I find it ironic that only now, at 55, am I comfortable with my makeup choices. It was scarcely two years ago that I was having my eyelids brutalized by Eastern European makeup artists. I have you all to thank for my newfound courage. Had I found it in my pretty days who knows what might have happened. So,  for all of you working towards the confidence and sense of humor that builds Attractive, I give you Zuzu’s Petals, the author of Everyday Beauty. She wears blue-toned, natural makeup, her Beauty Spotlight team addresses the broader spectrum. Oh, and she’s not a teenager. This is a good thing.

I am not a professional makeup artist, but I have spent a lifetime experimenting with products and colors, perhaps trying to reconcile the tomboy-preppy side of me with my inner tutu. I love beauty in all its forms, and there’s no quicker way to transform a plain canvas into a thing of beauty than with a little lipstick.

1. Tell us the story of the moment you first realized you could make makeup work for you.

It began at a very young age, as I watched my mother get ready for the day. Instead of a complicated makeup routine, she preferred a good haircut, pearl studs or simple gold hoops, and layered fragrance. But she never left the house without lipstick. Even today, she continues to wear her signature color (Revlon Blasé Apricot), and such a little thing, a sheer layer of bright color, immediately brightens her appearance

2. Tell us about your three favorite secret, i.e. non-mainstream, products, and why you love them.
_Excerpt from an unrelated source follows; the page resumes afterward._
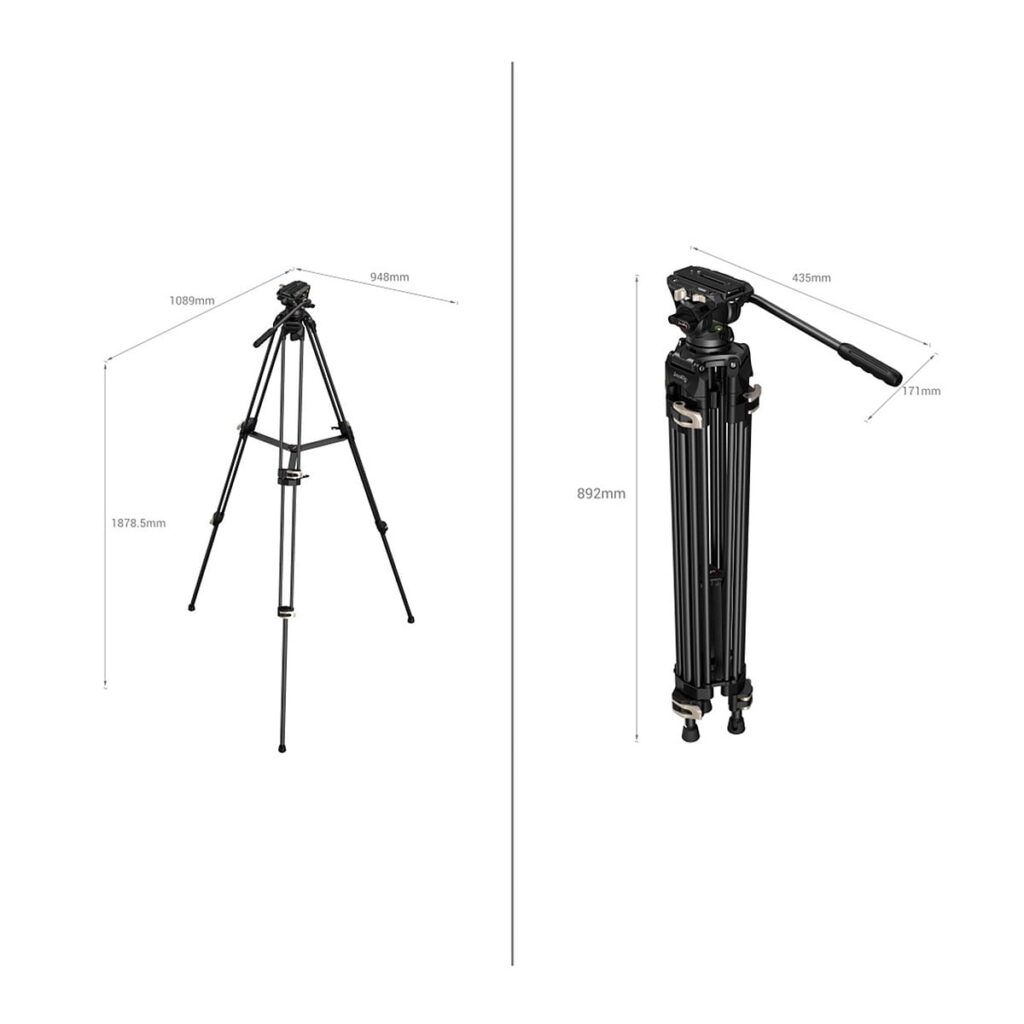 SmallRig_3751_Heavy-Duty_Fluid_Head_Tripod_AD-01_005 SmallRig 3751 Heavy-Duty Fluid Head Tripod AD-01:stä on kaksi näkymää: täysin ulosvedettynä 1878,5 mm korkea ja 948 mm leveä, ja kokoontaitettuna 892 mm pitkä ja 435 mm leveä, kahva 171 mm. Kaikki mitat millimetreinä.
  • Monistat Chafing Relief Powder Gel. Yes, it does its intended job on sticky-hot summer days for those of us whose upper thighs touch, but it also makes an excellent facial primer when smoother, sparingly, over pores. You can spend four times as much on a facial primer by Laura Mercier and the like, but you don’t need to. If you regularly use silicone-based products on your face, you’ll want to use a salicylic-acid product (BHA) at least once a week to decongest your pores.
  • Lemons. To whiten nail beds from nail polish discoloration, I soak my fingertips nails in a small bowl of lemon juice for a few minutes, dry, buff, and moisturize. For toenails, I make a paste of baking powder and lemon juice and apply with a Q-tip, poking the paste under the nail. While my toes are bleaching, I stick my elbows into the squeezed lemon halves, which helps lighten dark elbow discolorations.
  • Lipstick as concealer. A semi-matte, pinkish-beige lipstick (like Dior Incognito) can blend into the skin better than some concealers, which can often be too yellow.
  • Eyeliner on lips. To give lips the appearance of fullness, I use a skin-toned eye pencil (NARS Eyeliner in Rue Bonaparte). I lightly trace the vermilion border just outside the Cupid’s bow, center of top lip only, and then extended the line up both raised ridges of the philtrum, toward the nostrils. I them lightly blend the color into the surrounding skin but not so much as to erase it completely. Then I apply my lipstick, as usual.

3. What do you think is the single most important piece of knowledge to have in mind when buying makeup?

I would actually suggest two, which are related.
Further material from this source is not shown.